Task brief:
Leaving all pictures aside, copy exactly the lines from the start of the listing below through the line that contains "For multi-phase users, there's", and only those lines.
:: Dataset excerpt
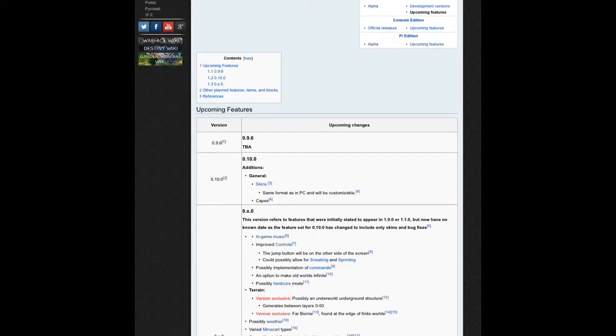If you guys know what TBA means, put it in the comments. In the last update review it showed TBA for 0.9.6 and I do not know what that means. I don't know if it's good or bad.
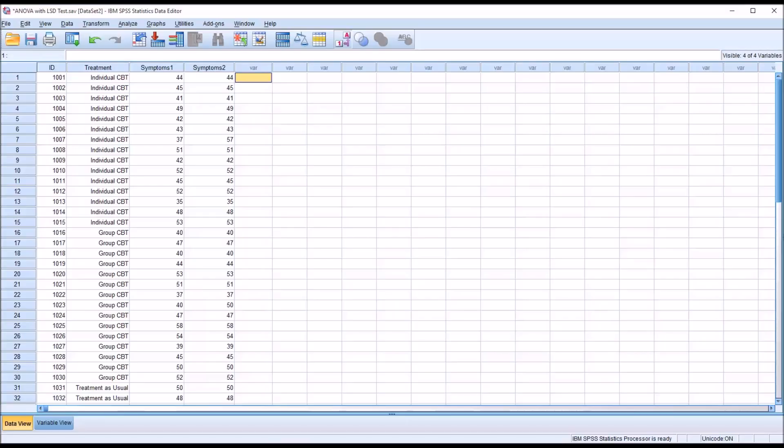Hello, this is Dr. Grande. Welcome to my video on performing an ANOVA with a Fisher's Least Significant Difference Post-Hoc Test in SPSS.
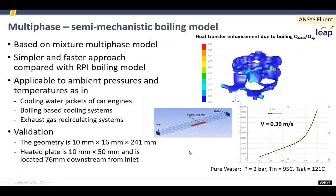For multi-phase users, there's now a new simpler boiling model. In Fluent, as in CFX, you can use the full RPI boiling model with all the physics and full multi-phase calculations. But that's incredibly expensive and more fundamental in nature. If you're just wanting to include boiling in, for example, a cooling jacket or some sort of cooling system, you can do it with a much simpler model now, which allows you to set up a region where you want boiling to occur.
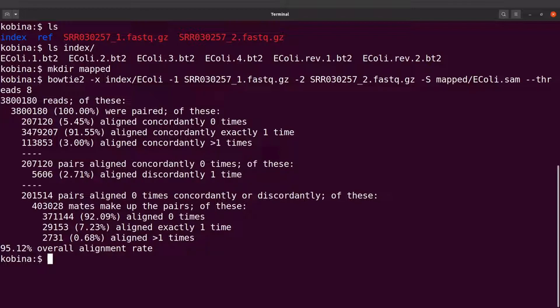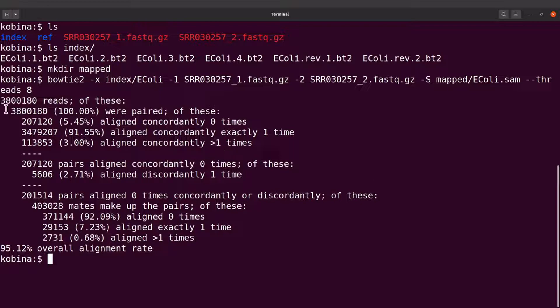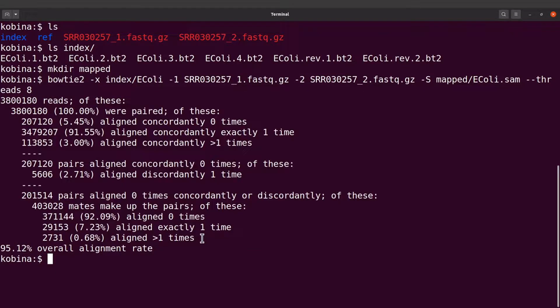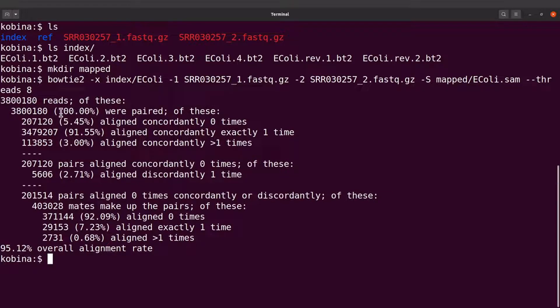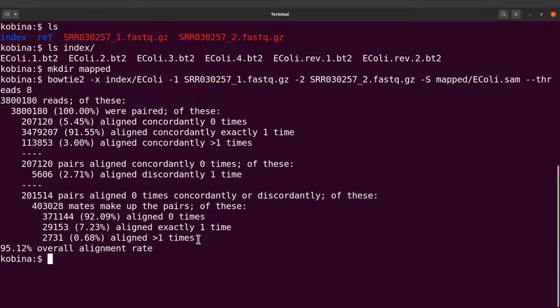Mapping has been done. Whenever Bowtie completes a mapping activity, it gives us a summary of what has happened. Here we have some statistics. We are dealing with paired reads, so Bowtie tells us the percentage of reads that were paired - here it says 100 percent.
::::
Task result:
If you guys know what TBA means, put it in the comments. In the last update review it showed TBA for 0.9.6 and I do not know what that means. I don't know if it's good or bad.
Hello, this is Dr. Grande. Welcome to my video on performing an ANOVA with a Fisher's Least Significant Difference Post-Hoc Test in SPSS.
For multi-phase users, there's now a new simpler boiling model. In Fluent, as in CFX, you can use the full RPI boiling model with all the physics and full multi-phase calculations. But that's incredibly expensive and more fundamental in nature. If you're just wanting to include boiling in, for example, a cooling jacket or some sort of cooling system, you can do it with a much simpler model now, which allows you to set up a region where you want boiling to occur.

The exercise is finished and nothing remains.